I had seen Lyric hours earlier at the wake, in the line passing by Ruthie’s coffin. I only figured her as one of the many former Ruthie students moving through the church that night. Until Ruthie’s teacher friends told me, I had no idea, no idea at all, of the drama of this child’s life, and the past my sister played in giving her love, and hope.

As I drove back to Starhill, worn out, I thought once again about how little I really knew about Ruthie’s life, and how I understood even less. I had somehow come to think of her living in a small town as equivalent to her living a small life. That was fine by me, if it made her content, but there was about it an air of settling. Or so I thought. What I had seen and heard these last few days showed me how wrong I had been. When I got to my parents’ house in Starhill I found Mam at the kitchen table, eyes puffy, drinking a Coke.

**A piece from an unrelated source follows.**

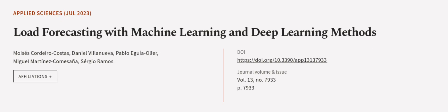This article was authored by Moises Cordero-Costas, Daniel Villanueva, Pablo Aguilar, and others. We are article.tv, links in the description below.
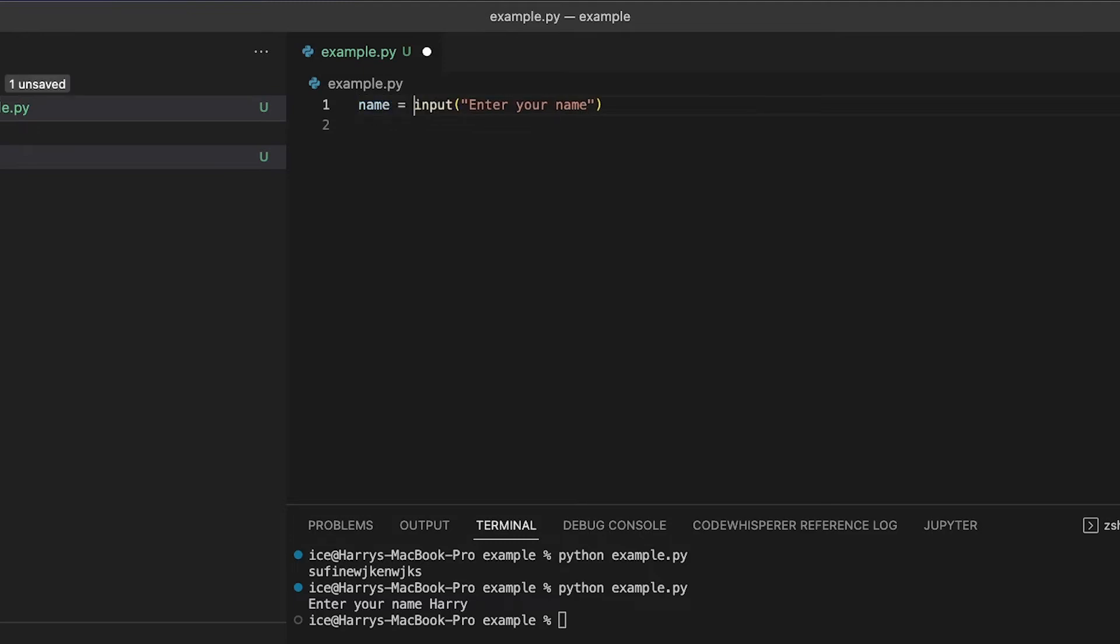The input function returns whatever was input by the user. That means that you can assign whatever comes out of the input function to a variable like this.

I told her the Lyric story. She said Lyric must have been the little black girl who spoke to her in line at the wake. “She told me, ‘Mrs. Leming is dead. Who is going to love me now?’ I’ll never forget that.”

You know who loved Lyric? Ashley Harvey and other teachers who were Ruthie’s friends and colleagues in West Feliciana. Though Lyric has apparently moved to a nearby town and will be graduating from its school, the point is, she’s graduating. The power of love and fidelity wins one!